Stemming a NGramDocument stems only the last word of each ngram. Notice below how repository is stemmed to repositori in one place but left intact in another.

julia> td = NGramDocument("this repository of julia language", 3)
NGramDocument{AbstractString}(Dict{AbstractString,Int64}("language"=>1,"repository"=>1,"this"=>1,"this repository of"=>1,"of julia language"=>1,"julia language"=>1,"of"=>1,"julia"=>1,"this repository"=>1,"repository of"=>1…), 3, TextAnalysis.DocumentMetadata(Languages.English(), "Untitled Document", "Unknown Author", "Unknown Time"))

julia> stem!(td); td
NGramDocument{AbstractString}(Dict{AbstractString,Int64}("languag"=>1,"this"=>1,"this repository of"=>1,"of julia languag"=>1,"this repositori"=>1,"of"=>1,"julia"=>1,"repositori"=>1,"repository of"=>1,"of julia"=>1…), 3, TextAnalysis.DocumentMetadata(Languages.English(), "Untitled Document", "Unknown Author", "Unknown Time"))

While stemming a StringDocument stems each word:

julia> sd = StringDocument("this repository of julia language")
StringDocument{String}("this repository of julia language", TextAnalysis.DocumentMetadata(Languages.English(), "Untitled Document", "Unknown Author", "Unknown Time"))

julia> stem!(sd); sd
StringDocument{String}("this repositori of julia languag", TextAnalysis.DocumentMetadata(Languages.English(), "Untitled Document", "Unknown Author", "Unknown Time"))
sean-gauss commented 4 years ago

Is work still needed on this issue? @aviks

bnriiitb commented 4 years ago

@aviks is this issue fixed or still help needed?

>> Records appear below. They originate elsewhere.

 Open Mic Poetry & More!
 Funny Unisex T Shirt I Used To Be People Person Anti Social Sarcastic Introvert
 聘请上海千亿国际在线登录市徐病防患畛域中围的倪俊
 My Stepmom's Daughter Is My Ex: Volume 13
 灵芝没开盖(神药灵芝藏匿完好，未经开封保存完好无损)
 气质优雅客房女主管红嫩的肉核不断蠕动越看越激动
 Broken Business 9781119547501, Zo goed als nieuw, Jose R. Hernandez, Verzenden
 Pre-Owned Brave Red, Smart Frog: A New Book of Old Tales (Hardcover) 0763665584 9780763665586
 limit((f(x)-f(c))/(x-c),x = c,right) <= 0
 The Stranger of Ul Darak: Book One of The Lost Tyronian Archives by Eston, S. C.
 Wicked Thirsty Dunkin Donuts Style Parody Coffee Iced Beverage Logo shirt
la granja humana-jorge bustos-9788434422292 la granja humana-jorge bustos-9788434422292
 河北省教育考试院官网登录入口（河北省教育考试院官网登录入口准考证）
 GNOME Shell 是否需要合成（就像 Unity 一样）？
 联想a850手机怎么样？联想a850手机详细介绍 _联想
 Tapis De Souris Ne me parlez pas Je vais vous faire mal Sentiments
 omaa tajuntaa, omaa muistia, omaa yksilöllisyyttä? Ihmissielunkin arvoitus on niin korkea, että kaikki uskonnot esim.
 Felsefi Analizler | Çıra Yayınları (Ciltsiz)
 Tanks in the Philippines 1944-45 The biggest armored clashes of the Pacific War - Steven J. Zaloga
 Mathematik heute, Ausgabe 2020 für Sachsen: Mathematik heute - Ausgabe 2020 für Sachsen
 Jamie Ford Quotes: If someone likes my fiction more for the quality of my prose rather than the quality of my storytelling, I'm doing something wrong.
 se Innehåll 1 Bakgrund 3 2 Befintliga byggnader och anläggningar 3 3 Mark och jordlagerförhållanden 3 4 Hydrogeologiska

sean-gauss commented 4 years ago

I intended to finish this, however, at the moment I am a bit busy with my internship. If you can resolve this issue you can freely proceed.

mostol commented 2 years ago

@aviks Hi! I think I figured out what's going on here. It comes down to the stem function in line 38 of stemmer.jl below, which stems the n-gram (token), resulting in its stemmed version (new_token):

https://github.com/JuliaText/TextAnalysis.jl/blob/a38d8d70e9588c77b889c52b8f1f623920e34630/src/stemmer.jl#L36-L48

The problem arises from the fact that token (the n-gram) is actually just stored as a string. The name "token" is maybe a bit of a misnomer—each n-gram is really a string of tokens that we want stemmed, so we either want to think about it as a StringDocument and stem each word in the string, or we'd want to think about it as a TokenDocument and stem each token of the n-gram individually. Right now, the n-gram is stemmed as just a String, which means the n-gram is interpreted as one single entity which has its end stemmed, rather than a list of n entities to be stemmed individually.

This might mean fundamentally altering the nature of NGramDocuments to be made up of either StringDocuments or vectors of strings like TokenDocuments are (the former probably being easier to actually implement, the latter perhaps being a little more meaningful?). I'd be glad to help implement a change in either direction!

(Or, if you want a lazy fix that doesn't think about anything else that's going on, you can just change

new_token = stem(stemmer, token)

to

new_token = stem_all(stemmer, token)

and be done with it, which is also an option...)